(SUPPLIED MATERIAL Opens)

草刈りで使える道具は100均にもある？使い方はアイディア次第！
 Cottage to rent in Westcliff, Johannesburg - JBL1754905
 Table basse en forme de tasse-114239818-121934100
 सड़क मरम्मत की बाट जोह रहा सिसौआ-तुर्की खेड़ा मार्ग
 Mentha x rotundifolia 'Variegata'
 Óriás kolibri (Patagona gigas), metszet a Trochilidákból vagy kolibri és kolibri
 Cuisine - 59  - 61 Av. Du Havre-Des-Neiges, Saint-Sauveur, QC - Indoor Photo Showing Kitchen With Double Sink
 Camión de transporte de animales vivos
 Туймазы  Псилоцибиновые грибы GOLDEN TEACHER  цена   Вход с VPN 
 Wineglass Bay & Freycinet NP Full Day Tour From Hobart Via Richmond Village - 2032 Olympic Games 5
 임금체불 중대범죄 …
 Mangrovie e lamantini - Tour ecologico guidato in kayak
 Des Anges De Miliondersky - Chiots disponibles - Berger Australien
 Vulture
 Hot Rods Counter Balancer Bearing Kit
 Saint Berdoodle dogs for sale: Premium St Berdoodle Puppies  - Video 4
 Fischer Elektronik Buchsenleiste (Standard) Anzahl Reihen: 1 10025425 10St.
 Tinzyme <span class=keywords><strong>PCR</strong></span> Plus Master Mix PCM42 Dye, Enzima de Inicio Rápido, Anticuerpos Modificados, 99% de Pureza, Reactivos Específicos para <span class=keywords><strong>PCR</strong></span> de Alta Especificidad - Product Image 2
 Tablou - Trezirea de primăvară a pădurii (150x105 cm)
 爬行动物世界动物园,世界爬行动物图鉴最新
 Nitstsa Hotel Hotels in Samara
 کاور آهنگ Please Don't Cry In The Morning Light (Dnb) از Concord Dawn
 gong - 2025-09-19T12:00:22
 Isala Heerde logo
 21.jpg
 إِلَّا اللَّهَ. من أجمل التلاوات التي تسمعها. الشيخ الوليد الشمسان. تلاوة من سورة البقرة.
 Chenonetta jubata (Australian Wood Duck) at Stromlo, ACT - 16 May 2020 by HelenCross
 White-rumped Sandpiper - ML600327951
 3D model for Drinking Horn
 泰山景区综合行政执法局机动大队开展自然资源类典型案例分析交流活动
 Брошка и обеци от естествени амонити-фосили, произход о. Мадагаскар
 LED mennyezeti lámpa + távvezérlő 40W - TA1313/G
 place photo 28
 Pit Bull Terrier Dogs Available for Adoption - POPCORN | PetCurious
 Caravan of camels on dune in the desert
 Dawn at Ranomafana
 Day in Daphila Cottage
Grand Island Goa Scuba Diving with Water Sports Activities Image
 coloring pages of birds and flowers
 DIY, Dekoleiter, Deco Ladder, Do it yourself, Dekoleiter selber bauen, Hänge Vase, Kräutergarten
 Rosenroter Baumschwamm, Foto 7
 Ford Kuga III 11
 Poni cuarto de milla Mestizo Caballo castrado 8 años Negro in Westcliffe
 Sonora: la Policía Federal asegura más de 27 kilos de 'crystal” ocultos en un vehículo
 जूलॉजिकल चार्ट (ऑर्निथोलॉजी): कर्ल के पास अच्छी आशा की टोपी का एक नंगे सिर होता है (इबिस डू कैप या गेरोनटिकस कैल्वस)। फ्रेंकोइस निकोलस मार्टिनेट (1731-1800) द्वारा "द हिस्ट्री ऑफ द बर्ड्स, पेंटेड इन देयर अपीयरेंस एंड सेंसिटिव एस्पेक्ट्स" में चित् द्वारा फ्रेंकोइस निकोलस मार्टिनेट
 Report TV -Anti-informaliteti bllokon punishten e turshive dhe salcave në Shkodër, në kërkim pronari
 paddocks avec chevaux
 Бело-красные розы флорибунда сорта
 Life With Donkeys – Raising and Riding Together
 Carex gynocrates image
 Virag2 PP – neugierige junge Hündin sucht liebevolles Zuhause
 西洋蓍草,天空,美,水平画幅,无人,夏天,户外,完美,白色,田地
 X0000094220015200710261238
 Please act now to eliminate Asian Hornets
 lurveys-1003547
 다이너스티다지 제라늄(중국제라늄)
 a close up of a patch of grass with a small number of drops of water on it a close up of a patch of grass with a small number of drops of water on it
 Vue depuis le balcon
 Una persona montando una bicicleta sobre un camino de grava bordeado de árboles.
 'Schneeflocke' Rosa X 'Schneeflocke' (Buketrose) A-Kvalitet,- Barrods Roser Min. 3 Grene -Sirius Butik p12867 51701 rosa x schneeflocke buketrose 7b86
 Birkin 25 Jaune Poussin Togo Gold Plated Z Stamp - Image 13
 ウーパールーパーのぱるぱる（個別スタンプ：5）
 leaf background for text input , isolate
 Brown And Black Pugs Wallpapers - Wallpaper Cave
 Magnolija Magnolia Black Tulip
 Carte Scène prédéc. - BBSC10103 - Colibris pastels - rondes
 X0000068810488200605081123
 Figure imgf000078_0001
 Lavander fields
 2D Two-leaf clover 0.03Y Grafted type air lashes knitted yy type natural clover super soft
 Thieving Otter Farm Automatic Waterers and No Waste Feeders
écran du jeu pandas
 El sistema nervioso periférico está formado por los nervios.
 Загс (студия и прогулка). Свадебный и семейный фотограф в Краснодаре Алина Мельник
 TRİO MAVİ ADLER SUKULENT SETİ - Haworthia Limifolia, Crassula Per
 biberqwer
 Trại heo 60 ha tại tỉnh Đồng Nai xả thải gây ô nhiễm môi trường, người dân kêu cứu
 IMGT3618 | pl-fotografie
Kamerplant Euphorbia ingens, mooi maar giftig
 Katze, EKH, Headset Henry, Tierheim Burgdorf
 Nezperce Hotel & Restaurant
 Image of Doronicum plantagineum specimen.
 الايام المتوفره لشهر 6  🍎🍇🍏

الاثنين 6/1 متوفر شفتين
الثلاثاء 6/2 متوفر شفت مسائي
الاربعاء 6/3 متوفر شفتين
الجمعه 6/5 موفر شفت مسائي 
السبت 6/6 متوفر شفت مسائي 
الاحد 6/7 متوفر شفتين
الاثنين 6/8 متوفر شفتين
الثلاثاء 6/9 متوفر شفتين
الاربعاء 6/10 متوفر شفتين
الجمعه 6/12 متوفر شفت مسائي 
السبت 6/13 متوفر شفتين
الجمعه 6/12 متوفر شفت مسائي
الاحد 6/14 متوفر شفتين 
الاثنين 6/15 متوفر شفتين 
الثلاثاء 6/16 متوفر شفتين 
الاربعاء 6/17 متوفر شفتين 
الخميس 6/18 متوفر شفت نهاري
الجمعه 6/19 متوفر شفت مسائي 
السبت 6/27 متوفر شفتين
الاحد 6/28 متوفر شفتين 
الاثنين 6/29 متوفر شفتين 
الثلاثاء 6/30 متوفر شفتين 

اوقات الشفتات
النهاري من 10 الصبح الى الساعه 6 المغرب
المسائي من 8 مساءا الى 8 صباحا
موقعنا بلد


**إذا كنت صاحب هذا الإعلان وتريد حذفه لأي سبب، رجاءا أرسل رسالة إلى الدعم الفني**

(SUPPLIED MATERIAL Closes)

[WORK INSTRUCTIONS]
Nothing may be dropped or altered; repeat every record in full.

[ANSWER TO THIS PROBLEM]
草刈りで使える道具は100均にもある？使い方はアイディア次第！
 Cottage to rent in Westcliff, Johannesburg - JBL1754905
 Table basse en forme de tasse-114239818-121934100
 सड़क मरम्मत की बाट जोह रहा सिसौआ-तुर्की खेड़ा मार्ग
 Mentha x rotundifolia 'Variegata'
 Óriás kolibri (Patagona gigas), metszet a Trochilidákból vagy kolibri és kolibri
 Cuisine - 59  - 61 Av. Du Havre-Des-Neiges, Saint-Sauveur, QC - Indoor Photo Showing Kitchen With Double Sink
 Camión de transporte de animales vivos
 Туймазы  Псилоцибиновые грибы GOLDEN TEACHER  цена   Вход с VPN 
 Wineglass Bay & Freycinet NP Full Day Tour From Hobart Via Richmond Village - 2032 Olympic Games 5
 임금체불 중대범죄 …
 Mangrovie e lamantini - Tour ecologico guidato in kayak
 Des Anges De Miliondersky - Chiots disponibles - Berger Australien
 Vulture
 Hot Rods Counter Balancer Bearing Kit
 Saint Berdoodle dogs for sale: Premium St Berdoodle Puppies  - Video 4
 Fischer Elektronik Buchsenleiste (Standard) Anzahl Reihen: 1 10025425 10St.
 Tinzyme <span class=keywords><strong>PCR</strong></span> Plus Master Mix PCM42 Dye, Enzima de Inicio Rápido, Anticuerpos Modificados, 99% de Pureza, Reactivos Específicos para <span class=keywords><strong>PCR</strong></span> de Alta Especificidad - Product Image 2
 Tablou - Trezirea de primăvară a pădurii (150x105 cm)
 爬行动物世界动物园,世界爬行动物图鉴最新
 Nitstsa Hotel Hotels in Samara
 کاور آهنگ Please Don't Cry In The Morning Light (Dnb) از Concord Dawn
 gong - 2025-09-19T12:00:22
 Isala Heerde logo
 21.jpg
 إِلَّا اللَّهَ. من أجمل التلاوات التي تسمعها. الشيخ الوليد الشمسان. تلاوة من سورة البقرة.
 Chenonetta jubata (Australian Wood Duck) at Stromlo, ACT - 16 May 2020 by HelenCross
 White-rumped Sandpiper - ML600327951
 3D model for Drinking Horn
 泰山景区综合行政执法局机动大队开展自然资源类典型案例分析交流活动
 Брошка и обеци от естествени амонити-фосили, произход о. Мадагаскар
 LED mennyezeti lámpa + távvezérlő 40W - TA1313/G
 place photo 28
 Pit Bull Terrier Dogs Available for Adoption - POPCORN | PetCurious
 Caravan of camels on dune in the desert
 Dawn at Ranomafana
 Day in Daphila Cottage
Grand Island Goa Scuba Diving with Water Sports Activities Image
 coloring pages of birds and flowers
 DIY, Dekoleiter, Deco Ladder, Do it yourself, Dekoleiter selber bauen, Hänge Vase, Kräutergarten
 Rosenroter Baumschwamm, Foto 7
 Ford Kuga III 11
 Poni cuarto de milla Mestizo Caballo castrado 8 años Negro in Westcliffe
 Sonora: la Policía Federal asegura más de 27 kilos de 'crystal” ocultos en un vehículo
 जूलॉजिकल चार्ट (ऑर्निथोलॉजी): कर्ल के पास अच्छी आशा की टोपी का एक नंगे सिर होता है (इबिस डू कैप या गेरोनटिकस कैल्वस)। फ्रेंकोइस निकोलस मार्टिनेट (1731-1800) द्वारा "द हिस्ट्री ऑफ द बर्ड्स, पेंटेड इन देयर अपीयरेंस एंड सेंसिटिव एस्पेक्ट्स" में चित् द्वारा फ्रेंकोइस निकोलस मार्टिनेट
 Report TV -Anti-informaliteti bllokon punishten e turshive dhe salcave në Shkodër, në kërkim pronari
 paddocks avec chevaux
 Бело-красные розы флорибунда сорта
 Life With Donkeys – Raising and Riding Together
 Carex gynocrates image
 Virag2 PP – neugierige junge Hündin sucht liebevolles Zuhause
 西洋蓍草,天空,美,水平画幅,无人,夏天,户外,完美,白色,田地
 X0000094220015200710261238
 Please act now to eliminate Asian Hornets
 lurveys-1003547
 다이너스티다지 제라늄(중국제라늄)
 a close up of a patch of grass with a small number of drops of water on it a close up of a patch of grass with a small number of drops of water on it
 Vue depuis le balcon
 Una persona montando una bicicleta sobre un camino de grava bordeado de árboles.
 'Schneeflocke' Rosa X 'Schneeflocke' (Buketrose) A-Kvalitet,- Barrods Roser Min. 3 Grene -Sirius Butik p12867 51701 rosa x schneeflocke buketrose 7b86
 Birkin 25 Jaune Poussin Togo Gold Plated Z Stamp - Image 13
 ウーパールーパーのぱるぱる（個別スタンプ：5）
 leaf background for text input , isolate
 Brown And Black Pugs Wallpapers - Wallpaper Cave
 Magnolija Magnolia Black Tulip
 Carte Scène prédéc. - BBSC10103 - Colibris pastels - rondes
 X0000068810488200605081123
 Figure imgf000078_0001
 Lavander fields
 2D Two-leaf clover 0.03Y Grafted type air lashes knitted yy type natural clover super soft
 Thieving Otter Farm Automatic Waterers and No Waste Feeders
écran du jeu pandas
 El sistema nervioso periférico está formado por los nervios.
 Загс (студия и прогулка). Свадебный и семейный фотограф в Краснодаре Алина Мельник
 TRİO MAVİ ADLER SUKULENT SETİ - Haworthia Limifolia, Crassula Per
 biberqwer
 Trại heo 60 ha tại tỉnh Đồng Nai xả thải gây ô nhiễm môi trường, người dân kêu cứu
 IMGT3618 | pl-fotografie
Kamerplant Euphorbia ingens, mooi maar giftig
 Katze, EKH, Headset Henry, Tierheim Burgdorf
 Nezperce Hotel & Restaurant
 Image of Doronicum plantagineum specimen.
 الايام المتوفره لشهر 6  🍎🍇🍏

الاثنين 6/1 متوفر شفتين
الثلاثاء 6/2 متوفر شفت مسائي
الاربعاء 6/3 متوفر شفتين
الجمعه 6/5 موفر شفت مسائي 
السبت 6/6 متوفر شفت مسائي 
الاحد 6/7 متوفر شفتين
الاثنين 6/8 متوفر شفتين
الثلاثاء 6/9 متوفر شفتين
الاربعاء 6/10 متوفر شفتين
الجمعه 6/12 متوفر شفت مسائي 
السبت 6/13 متوفر شفتين
الجمعه 6/12 متوفر شفت مسائي
الاحد 6/14 متوفر شفتين 
الاثنين 6/15 متوفر شفتين 
الثلاثاء 6/16 متوفر شفتين 
الاربعاء 6/17 متوفر شفتين 
الخميس 6/18 متوفر شفت نهاري
الجمعه 6/19 متوفر شفت مسائي 
السبت 6/27 متوفر شفتين
الاحد 6/28 متوفر شفتين 
الاثنين 6/29 متوفر شفتين 
الثلاثاء 6/30 متوفر شفتين 

اوقات الشفتات
النهاري من 10 الصبح الى الساعه 6 المغرب
المسائي من 8 مساءا الى 8 صباحا
موقعنا بلد


**إذا كنت صاحب هذا الإعلان وتريد حذفه لأي سبب، رجاءا أرسل رسالة إلى الدعم الفني**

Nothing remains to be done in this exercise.